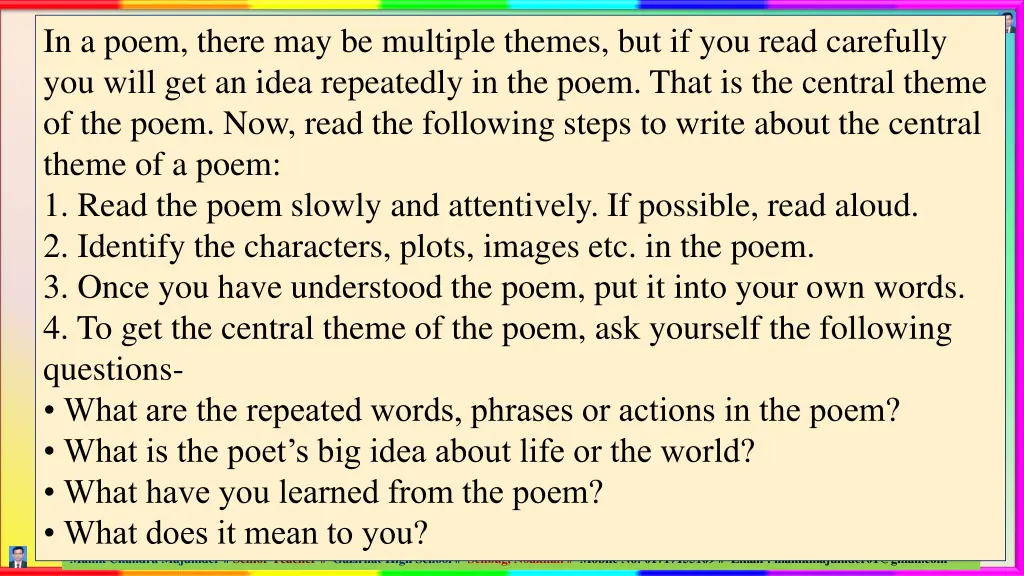 in a poem there may be multiple themes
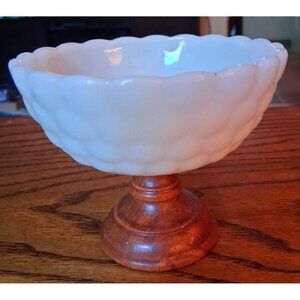 Vintage White Scalloped Milk Glass Compote Dish With Wooden Base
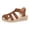 Brown, variant on Women's Wedge Espadrilles Closed Toe Caged Platform Sandals Stretch Strap Slip on Beach Shoes Non Slip Walking Shoes Brown Size 6.5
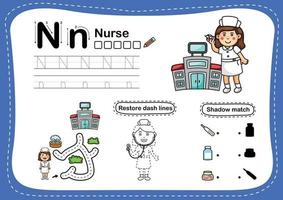 alfabetet bokstaven n sjuksköterska övning med tecknad ordförråd illustration vektor
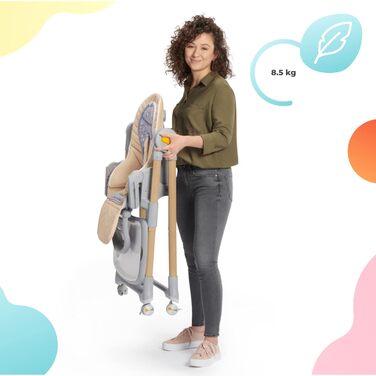 Дитячий стільчик Kinderkraft LASTREE з регульованою спинкою, столиком та підніжкою, сірий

———

## ACTIVITY:
Write the material above out again exactly as it reads, but don't carry over the pictures.

## RESULT FOR THIS TASK:
 in a poem there may be multiple themes
 Vintage White Scalloped Milk Glass Compote Dish With Wooden Base
 Brown, variant on Women's Wedge Espadrilles Closed Toe Caged Platform Sandals Stretch Strap Slip on Beach Shoes Non Slip Walking Shoes Brown Size 6.5
 alfabetet bokstaven n sjuksköterska övning med tecknad ordförråd illustration vektor
 Дитячий стільчик Kinderkraft LASTREE з регульованою спинкою, столиком та підніжкою, сірий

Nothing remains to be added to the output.